Nadeem Elyas, der Vorsitzende des Zentralrats der Muslime in Deutschland, wies auf die Herkunft vieler Muslime in Westeuropa hin: "Die Realität zeigt, dass die Muslime zumeist aus den unteren Schichten der islamischen Herkunftsländer stammen." Daher dürften die Erwartungen nicht zu hoch sein. Wenn aber islamische Denker in Europa zunähmen und auch in den islamischen Zentren tätig würden, dann könnten sie einen "zivilisatorischen Beitrag" leisten - und die Muslime könnten sich mehr in die Gesellschaft einbringen - etwa bei der Begutachtung von Gesetzen, aber auch in den Problemen der Konsumgesellschaft, bei der die Muslime sich als Gläubige engagieren könnten.

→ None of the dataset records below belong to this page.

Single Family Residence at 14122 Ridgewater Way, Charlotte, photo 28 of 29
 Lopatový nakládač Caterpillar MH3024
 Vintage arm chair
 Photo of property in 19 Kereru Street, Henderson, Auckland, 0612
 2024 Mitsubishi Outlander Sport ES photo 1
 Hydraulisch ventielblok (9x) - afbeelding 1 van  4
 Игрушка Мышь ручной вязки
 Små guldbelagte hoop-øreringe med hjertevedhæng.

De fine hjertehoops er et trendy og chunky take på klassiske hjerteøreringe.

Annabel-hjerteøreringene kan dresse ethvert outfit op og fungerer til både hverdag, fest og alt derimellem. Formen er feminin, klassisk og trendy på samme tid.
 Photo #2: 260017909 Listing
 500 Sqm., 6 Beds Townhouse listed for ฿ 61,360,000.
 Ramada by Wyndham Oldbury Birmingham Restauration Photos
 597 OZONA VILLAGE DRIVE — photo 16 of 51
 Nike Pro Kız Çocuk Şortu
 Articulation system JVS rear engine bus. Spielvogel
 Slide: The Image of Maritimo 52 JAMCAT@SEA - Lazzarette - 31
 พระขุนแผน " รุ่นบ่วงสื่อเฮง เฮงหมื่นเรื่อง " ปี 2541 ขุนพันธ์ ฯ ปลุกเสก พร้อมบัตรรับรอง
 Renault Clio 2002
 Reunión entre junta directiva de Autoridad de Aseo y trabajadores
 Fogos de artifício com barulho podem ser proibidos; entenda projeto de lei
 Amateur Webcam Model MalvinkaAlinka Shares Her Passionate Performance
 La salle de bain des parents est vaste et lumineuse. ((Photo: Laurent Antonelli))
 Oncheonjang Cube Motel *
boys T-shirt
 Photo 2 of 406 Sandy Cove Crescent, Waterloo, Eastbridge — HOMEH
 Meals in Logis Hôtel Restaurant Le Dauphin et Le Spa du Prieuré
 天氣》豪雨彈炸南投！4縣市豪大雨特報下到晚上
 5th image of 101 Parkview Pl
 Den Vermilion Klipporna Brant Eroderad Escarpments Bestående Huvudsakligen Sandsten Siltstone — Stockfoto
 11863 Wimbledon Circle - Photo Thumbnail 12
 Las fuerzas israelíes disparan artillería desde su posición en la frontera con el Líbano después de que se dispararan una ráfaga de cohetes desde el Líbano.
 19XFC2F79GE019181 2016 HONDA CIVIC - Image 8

Generell tritt auch Elyas für einen positiven Zugang zur säkularen Gesellschaft ein: Man könne in der freien Gesellschaft seine Religion praktizieren. Aber die Muslime müssten lernen, sich in dieser Gesellschaft zu behaupten. Elyas: "Auch wenn die europäischen Verfassungen Religionsfreiheit garantieren, so heißt das nicht, dass einem diese Rechte auf dem Silbertablett serviert werden. Wir haben in Deutschland das bitter erlebt, als nach einem Urteil des Bundesverfassungsgerichts, das den Muslimen das Recht zum Schächten zuschreibt, die Behörden das weiter verhindert haben: Da müssen die Muslime versuchen, dem entgegenzuwirken."

"Europäischer Islam"?

Der britische Imam Abduljalil Sajid zeigte keine Berührungsängste beim Begriff "europäischer Islam": "Muslime drücken damit aus, dass sie stolz sind, gleichzeitig Muslim und den europäischen Werten verpflichtet zu sein." In Großbritannien seien bereits 60 Prozent der Muslime im Land geboren: "Diese haben nicht mehr das kulturelle Stigma ihrer Herkunftsländer. Auch wenn die islamische Gemeinschaft noch Schwierigkeiten mit dem Wort europäischer Islam' hat, so wird er wohl Anerkennung finden."

Im Schlussdokument von Graz wird der Ausdruck "europäischer Islam" aber klar abgelehnt: nur der Begriff "Islam in Europa" gebe treffend wieder, "dass ein Islam europäischer Prägung sich selbstverständlich aus dem dynamischen Selbstverständnis der einen Religion Islam heraus" entwickle, heißt es dort.

In Graz herrschte also nicht nur Einigkeit. Was Sajid kaum beunruhigt haben dürfte: "Die Verschiedenheit der Menschen ist gottgegeben", hatte der Imam der Furche gegenüber argumentiert: "Wichtig ist, wie wir diese Verschiedenheit fruchtbar machen und garantieren können, dass jedem Menschen die gleiche Würde zukommt. Das müssen wir auch in der innermuslimischen Debatte gewährleisten."